**TASK DETAILS**
Could you retype the whole listing word for word and drop the images?
┌─ DATASET RECORDS
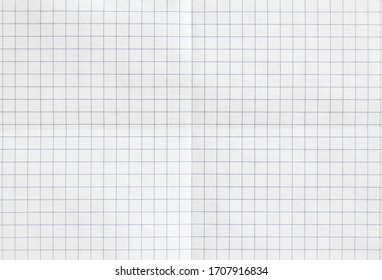 White checkered sheet of exercise book paper folded in two. White crumpled notebook paper texture background. - Powered by Shutterstock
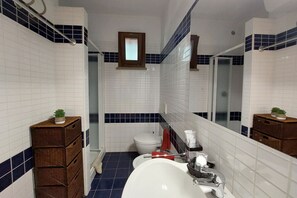 Un bagno con piastrelle bianche, un lavandino bianco, uno specchio, una piccola finestra e uno spazio doccia.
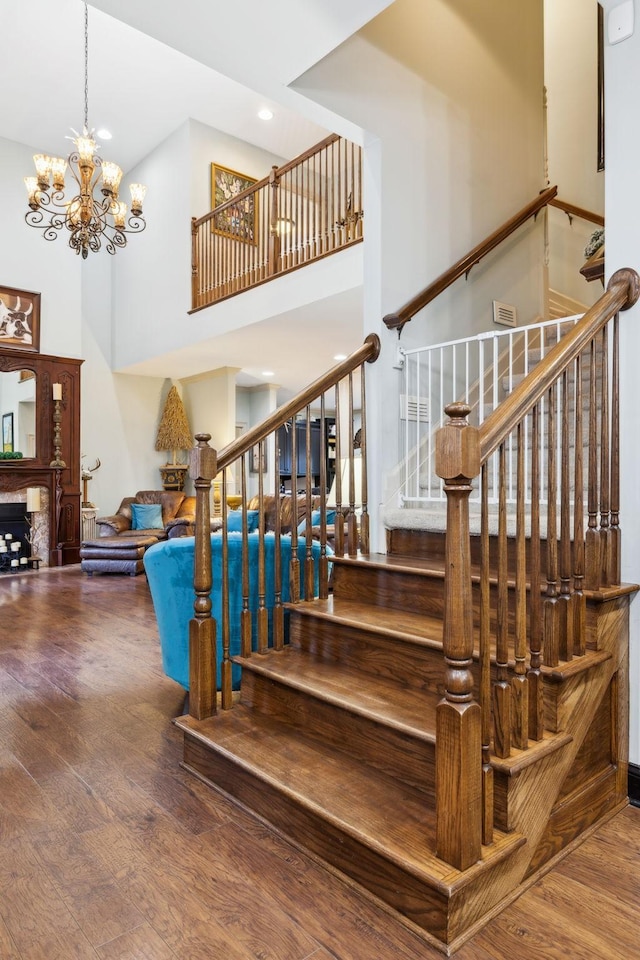 314 W 6th St Unit 7, Columbia, TN 38401 - stairs with wood finished floors, a high ceiling, a chandelier, and recessed lighting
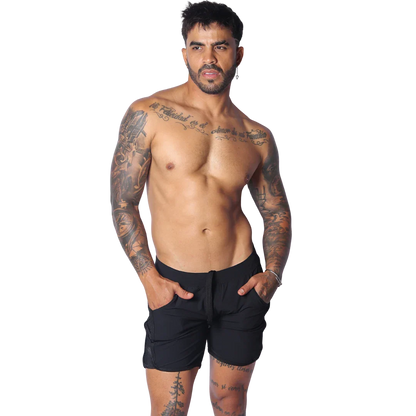 Athletic black shorts with side pockets, a drawstring waistband, and mesh panels, modeled on a fit man.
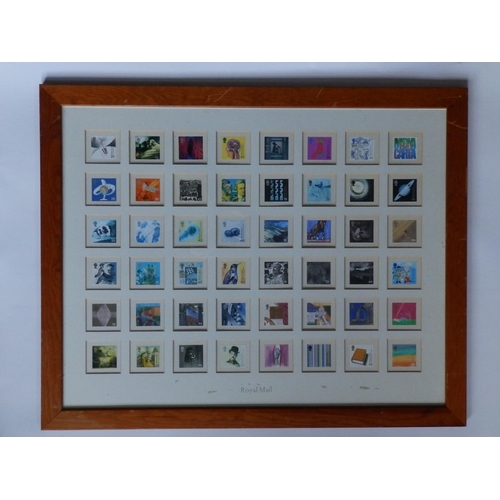 17 - A framed Royal Mail display of 48 pictorial QEII Millenium postage stamps.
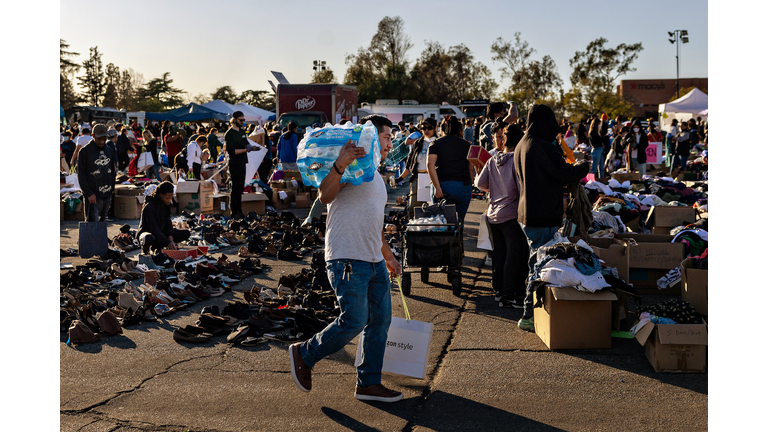 Community members stop by a donation center that has taken over the parking lot at the Santa Anita Racetrack after the Eton fire in Altadena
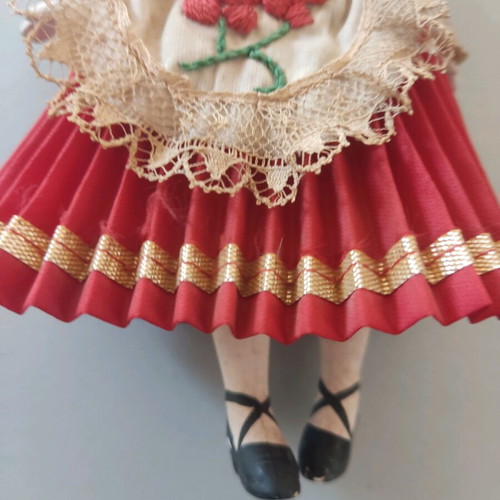 Vintage doll used with porcelain head and embroidered apron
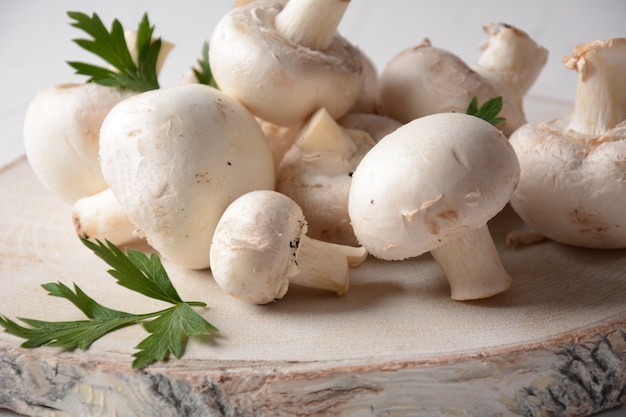 Funghi champignon bianchi freschi su tavola di legno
└─
**RESPONSE**
 White checkered sheet of exercise book paper folded in two. White crumpled notebook paper texture background. - Powered by Shutterstock
 Un bagno con piastrelle bianche, un lavandino bianco, uno specchio, una piccola finestra e uno spazio doccia.
 314 W 6th St Unit 7, Columbia, TN 38401 - stairs with wood finished floors, a high ceiling, a chandelier, and recessed lighting
 Athletic black shorts with side pockets, a drawstring waistband, and mesh panels, modeled on a fit man.
 17 - A framed Royal Mail display of 48 pictorial QEII Millenium postage stamps.
 Community members stop by a donation center that has taken over the parking lot at the Santa Anita Racetrack after the Eton fire in Altadena
 Vintage doll used with porcelain head and embroidered apron
 Funghi champignon bianchi freschi su tavola di legno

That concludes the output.